== EXERCISE MATERIALS
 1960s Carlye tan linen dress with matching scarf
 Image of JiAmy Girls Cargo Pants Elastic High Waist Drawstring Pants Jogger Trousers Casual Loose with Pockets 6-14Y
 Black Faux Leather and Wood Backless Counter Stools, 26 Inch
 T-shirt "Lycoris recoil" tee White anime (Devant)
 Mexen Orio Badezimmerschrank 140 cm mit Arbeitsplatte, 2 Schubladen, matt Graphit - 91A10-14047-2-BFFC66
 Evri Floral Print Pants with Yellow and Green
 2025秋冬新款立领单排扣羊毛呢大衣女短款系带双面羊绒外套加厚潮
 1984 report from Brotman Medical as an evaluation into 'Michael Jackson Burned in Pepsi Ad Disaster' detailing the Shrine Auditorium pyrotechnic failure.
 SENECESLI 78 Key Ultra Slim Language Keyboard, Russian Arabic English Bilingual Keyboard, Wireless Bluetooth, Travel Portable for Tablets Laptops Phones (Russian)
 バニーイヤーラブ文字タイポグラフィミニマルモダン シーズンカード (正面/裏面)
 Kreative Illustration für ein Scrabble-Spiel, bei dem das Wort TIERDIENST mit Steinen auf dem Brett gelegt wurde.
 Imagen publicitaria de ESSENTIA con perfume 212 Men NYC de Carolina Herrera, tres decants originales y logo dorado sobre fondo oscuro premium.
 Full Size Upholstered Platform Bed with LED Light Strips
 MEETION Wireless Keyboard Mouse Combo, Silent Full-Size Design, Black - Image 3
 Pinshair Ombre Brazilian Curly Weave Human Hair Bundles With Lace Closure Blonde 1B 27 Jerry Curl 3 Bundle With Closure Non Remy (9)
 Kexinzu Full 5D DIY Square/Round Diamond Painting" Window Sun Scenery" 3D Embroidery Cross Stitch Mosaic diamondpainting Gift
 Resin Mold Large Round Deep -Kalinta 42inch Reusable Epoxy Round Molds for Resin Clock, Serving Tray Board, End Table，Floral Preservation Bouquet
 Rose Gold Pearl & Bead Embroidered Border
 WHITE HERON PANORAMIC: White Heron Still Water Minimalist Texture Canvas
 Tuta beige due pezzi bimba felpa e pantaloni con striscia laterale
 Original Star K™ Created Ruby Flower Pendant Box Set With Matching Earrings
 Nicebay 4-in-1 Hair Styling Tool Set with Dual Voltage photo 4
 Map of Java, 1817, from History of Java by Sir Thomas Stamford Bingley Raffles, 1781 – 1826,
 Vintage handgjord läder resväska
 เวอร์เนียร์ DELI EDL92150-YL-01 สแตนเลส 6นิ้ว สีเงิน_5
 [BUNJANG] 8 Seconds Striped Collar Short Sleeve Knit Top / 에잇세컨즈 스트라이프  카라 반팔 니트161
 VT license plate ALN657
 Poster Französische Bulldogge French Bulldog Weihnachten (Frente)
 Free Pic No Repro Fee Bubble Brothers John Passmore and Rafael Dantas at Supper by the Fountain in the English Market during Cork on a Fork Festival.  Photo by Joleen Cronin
====
**TASK INSTRUCTIONS:** Looking at the data above, count the lines that contain the string "Hair" and give only the count.

**REPLY:** 2